きぬきぬ

新感染 ファイナル・エクスプレスのきぬきぬのレビュー・感想・評価

4.2
なんて凄い!素晴らしいゾンビ映画!凄い面白い!!
面白いけど面白いって表現を使いたくないくらいに、もう悲しくて、愛に泣けてしょうがなかった。
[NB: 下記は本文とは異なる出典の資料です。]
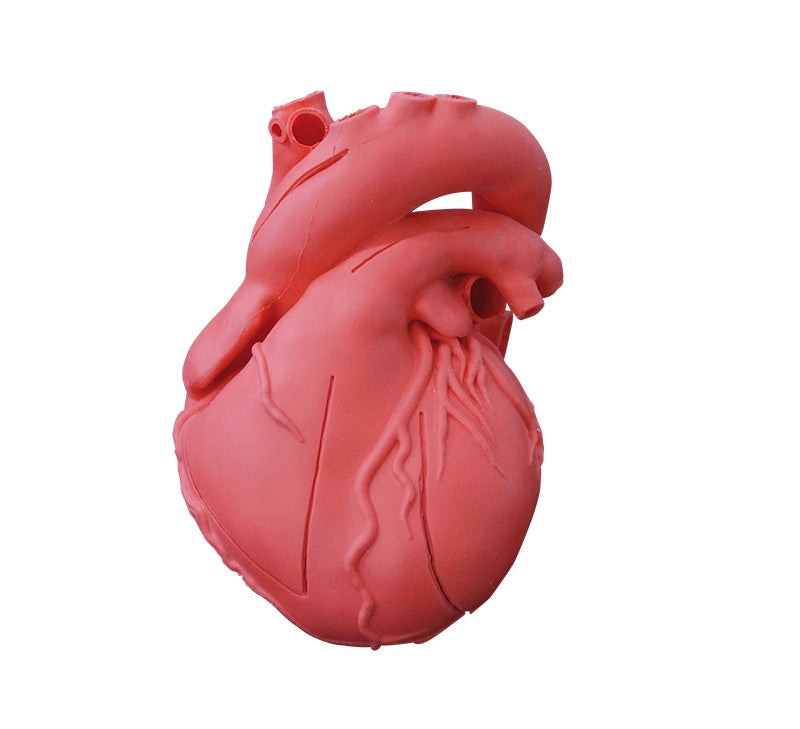 Flexible Heart Model 1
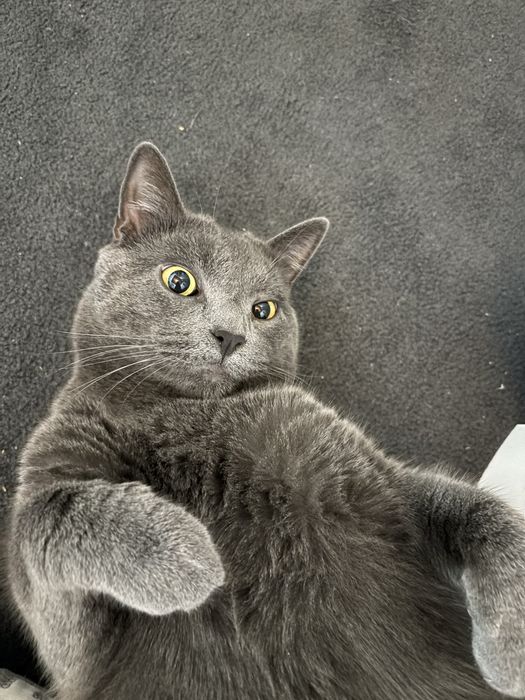 Gatinho cinzento olhos amarelos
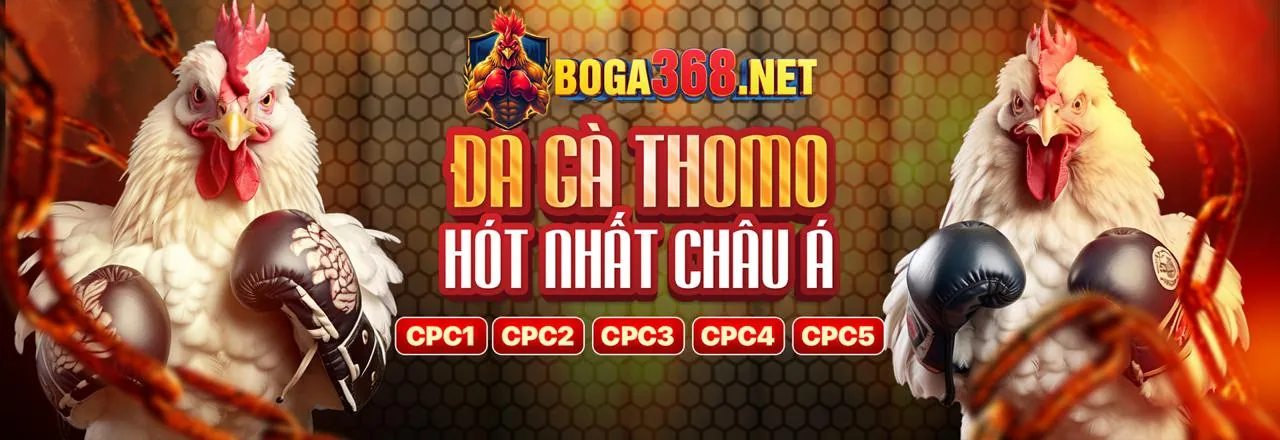 Sòng bạc TD88 Login sang trọng và hiện đại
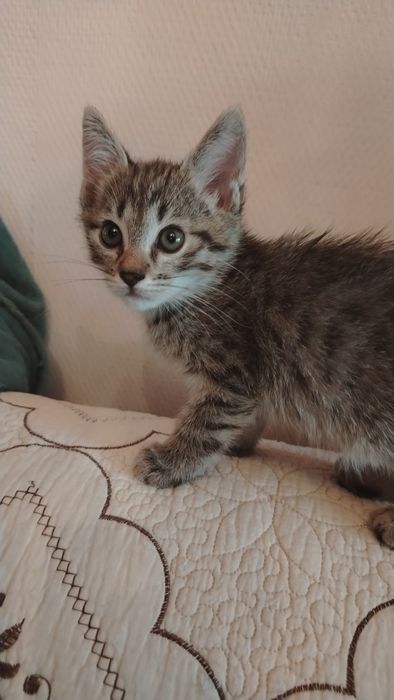 Продаём котят мальчики и девочки
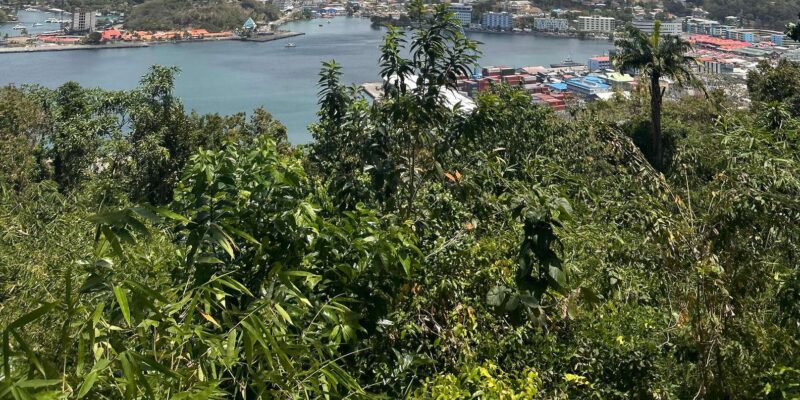 Saint Lucia : Hewanorra Airport (UVF) Round Trip Transfer - Pricing and Cancellation
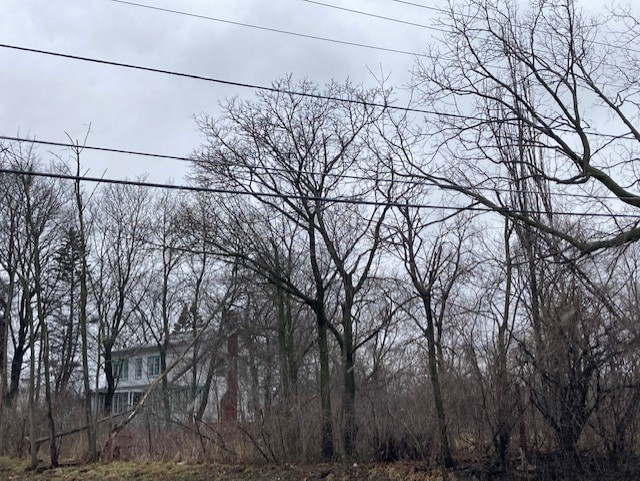 9312 Shermer Road Morton Grove, IL 60053 - Photo 2 of 2 a backyard of a house with lots of trees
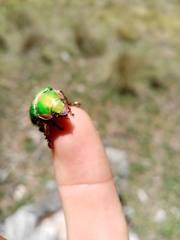 Chrysina citlaltepetlamayatli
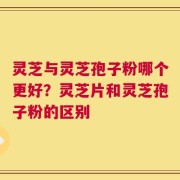 灵芝与灵芝孢子粉哪个更好？灵芝片和灵芝孢子粉的区别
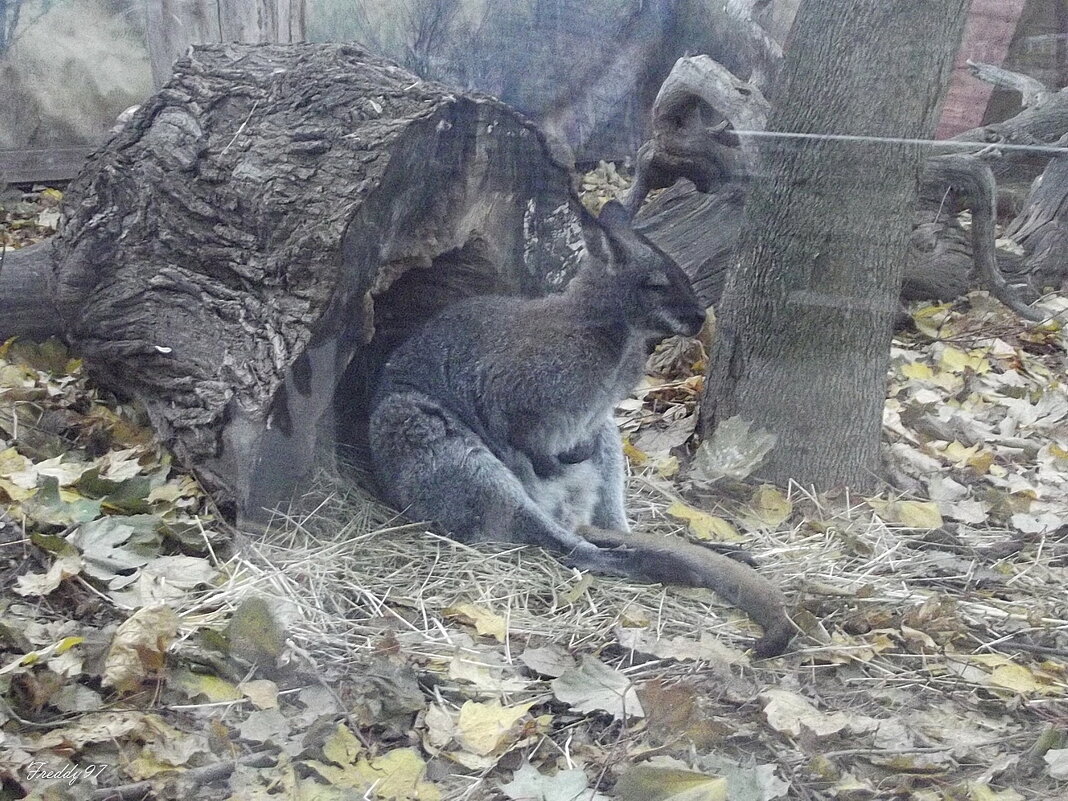 Кенгуру - Freddy 97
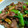 ちーまぐ's cooksnap of when they made 小松菜と砂肝のオイスターソース炒め.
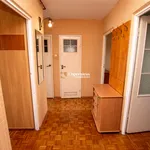 Rent 3 bedroom apartment of 45 m² in Toruń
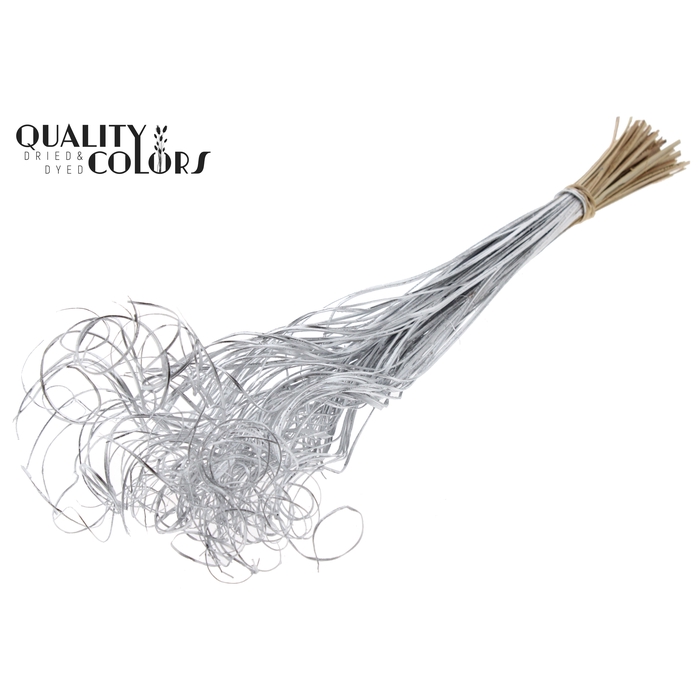 <h4>Palm Curly TT 100pc per bunch Silver</h4>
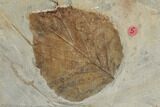 Plate of Paleocene Leaf Fossils - Glendive, Montana #188824-8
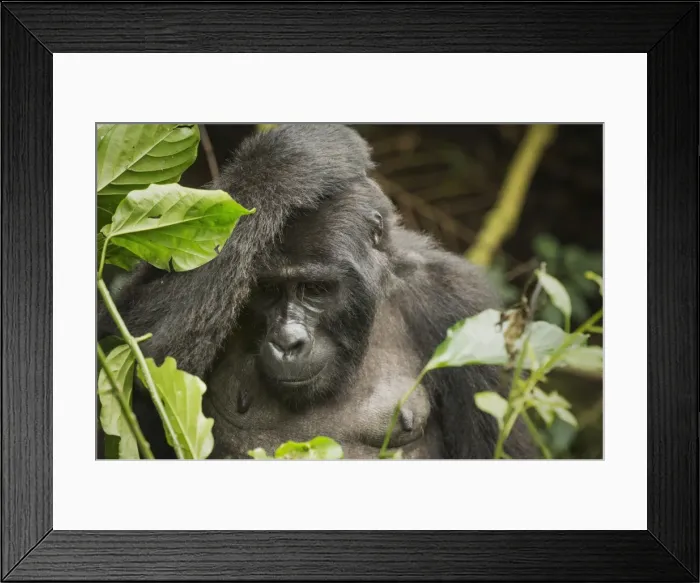 Framed Print : Mountain gorilla, Bwindi Impenetrable National Park, Uganda, Africa Framed Print : Mountain gorilla, Bwindi Impenetrable National Park, Uganda, Africa
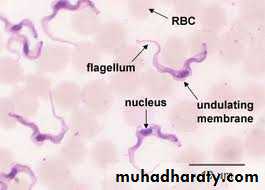Parasitology
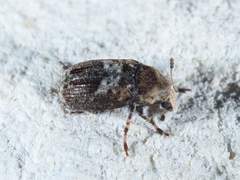Euparius paganus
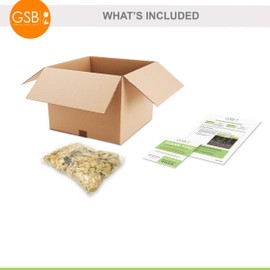 Garden State Bulb Red Alert Calla Lily Flower Bulbs, 12/14cm, Spring Planting (Bag of 5)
誕生日の娘の希望で、家を出た母親の元へ送り届ける為、ソウルから釜山行高速鉄道に乗車した父娘。不穏な町を後に走り出した列車の中でも感染が拡がる。現状はどう見ても暴動でないのだが、列車内TVの報道は暴動と伝え、状況も不明のまま、逃げ場無く釜山へ向かうしかない乗客たち。

ホラーだけど決死のサバイバルアクション味が強い。
ゾンビ映画に付き物のグロ描写は抑えられ、怖さをグロではなく、あくまで釜山行きの過程で垣間見せるパンデミックの恐怖として描写し、列車の乗客となった人々以外の感染の悲劇を敢えて見せない演出も不安と緊迫感を煽って良いし、列車や駅の構造を生かしてるのも良い。
とはいえ場面によっては、波のように押し寄せて来る感染者たちもほんと怖いけれど、仕方がないかもしれないがただ怯え保身に走る人間も怖い。それ故絶望的な状況下で心ある行動をする愛ある人たちが強く、なんて格好良いんだ。
一見強面のマ・ドンソクさんの漢気溢れる男は妊婦の奥さんを、妻に愛想を尽かされたらしい利己的だった父親は優しく純真な娘を必死に守り抜こうとする。野球部の友だちを失う高校生なんて悲しい過ぎる。スリリング過ぎる釜山行きまでに人々の、不安、恐怖、混乱、悲しみ、悔恨、愛など心のドラマもしっかりと描かれているのに、まるで無駄が無い!

去年、話題になってから、どうして原題の「釜山行」じゃないんだ!?という公開が決まった頃に邦題への苦情があったのを理解出来たわ。酷い邦題ではないと思うけど、確かにこれは、釜山(という希望)へ向かう物語なんだわ。